INFORMATION SUPPLIED below:

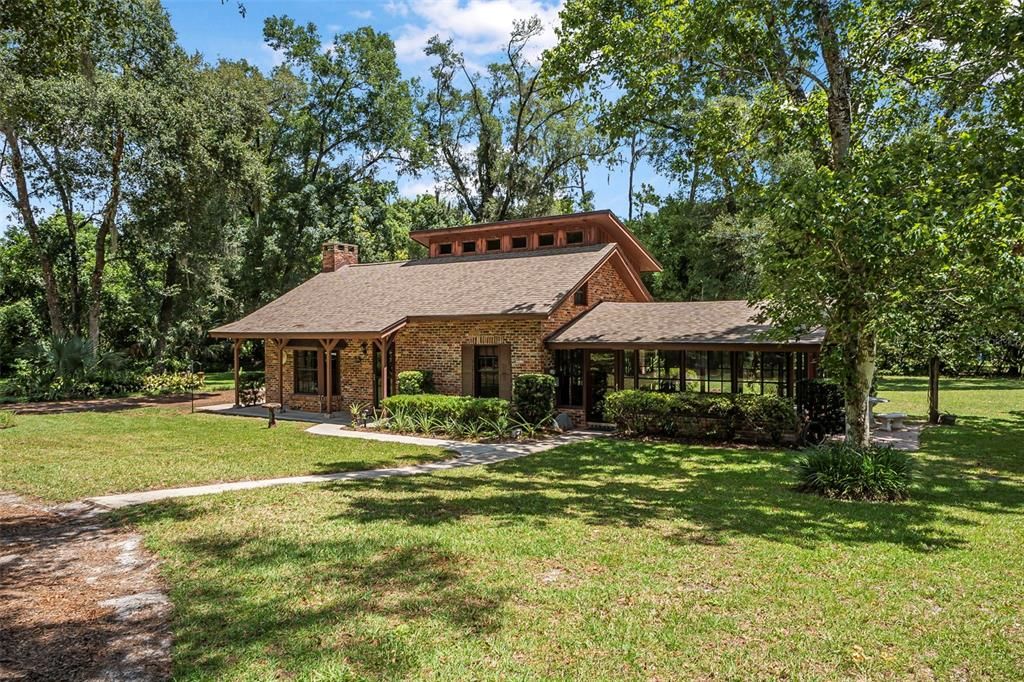 Backyard, Exterior, Facade, Brick Facade, Log Home
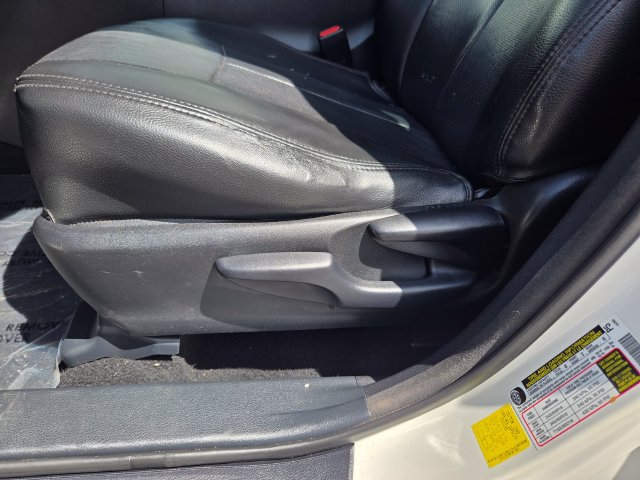 Used 2015 Toyota Highlander LE FWD image 11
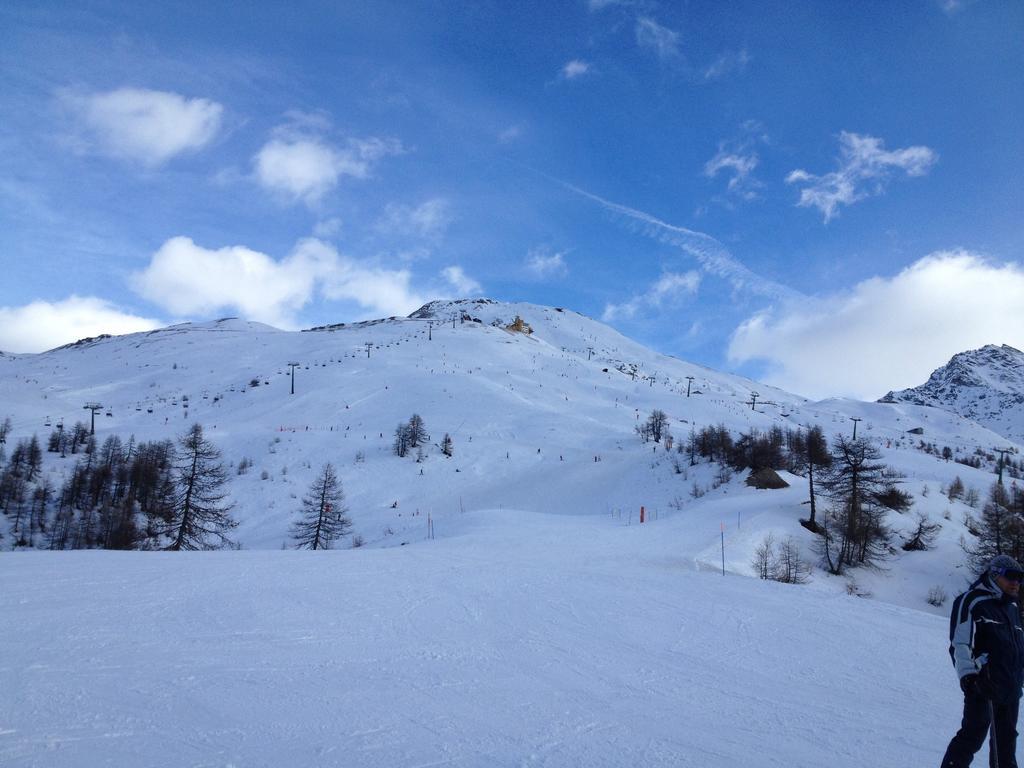 Olimpic Village Th Sestriere Apartments Exteriör bild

End of INFORMATION SUPPLIED.

The answer must be the lines above from the line that contains "Used 2015 Toyota Highlander LE FWD image 11" to the final line of the data, word for word, with no pictures.

 Used 2015 Toyota Highlander LE FWD image 11
 Olimpic Village Th Sestriere Apartments Exteriör bild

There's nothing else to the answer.